If we change the number of iterations to 1.

import hashlib
import base64
import cProfile

def crack_password(entropy, iterations, salt):
    alphabet = "abcdefghijklmnopqrtsuvwxyz"
    for c1 in alphabet:
        for c2 in alphabet:
            password = str.encode(c1 + c2)
            value = base64.b64encode(hashlib.pbkdf2_hmac('sha512', password, salt, iterations, 128))
            if value == entropy:
                return password

entropy = "kRqabDBsvkyAhpzzVWJtdqbtqgkgNPwr5gqWG6jvw73hxc7CCvC4E33WyR5bxKmAXG5vAG9/ue+DC7BYLHRfOTE/dLKSMdpE9RFH7ZlTp7GHdH5b5vaqQCcKlXAwkky786zvpucDIgGGTOyw6kKB5hqIXLX9chDvcPQksVrjmUs=".encode()
iterations = 1
salt = base64.b64decode("6VuJKkHVTdDelbNMPBxzw7INW2NkYlR/LoW4OL7kVAI=".encode())
cProfile.run("crack_password(entropy, iterations, salt)")

I guess you are not surprised it takes less than 1 second.

        1    0.002    0.002    0.010    0.010 ShadowFile.py:6(crack_password)

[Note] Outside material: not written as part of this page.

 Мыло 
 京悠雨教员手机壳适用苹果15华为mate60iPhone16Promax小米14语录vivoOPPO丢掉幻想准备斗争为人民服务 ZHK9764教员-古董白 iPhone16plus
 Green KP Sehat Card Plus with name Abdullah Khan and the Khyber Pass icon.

Hence, you can check way more passwords if only iterated 1 time.

Why use a Salt?

This is interesting.

Well, say that another user used the password ‘password’ and there was no salt.

import hashlib
import base64
iterations = 45454
salt = base64.b64decode("".encode())
password = "password".encode()
value = hashlib.pbkdf2_hmac('sha512', password, salt, iterations, 128)
print(base64.b64encode(value))
b'kRqabDBsvkyAhpzzVWJtdqbtqgkgNPwr5gqWG6jvw73hxc7CCvC4E33WyR5bxKmAXG5vAG9/ue+DC7BYLHRfOTE/dLKSMdpE9RFH7ZlTp7GHdH5b5vaqQCcKlXAwkky786zvpucDIgGGTOyw6kKB5hqIXLX9chDvcPQksVrjmUs='

Then you would get the same hash value.

Hence, for each user password, there is a new random salt used.

How to proceed from here?

If you want to crack passwords, then I would recommend you use Hashcat.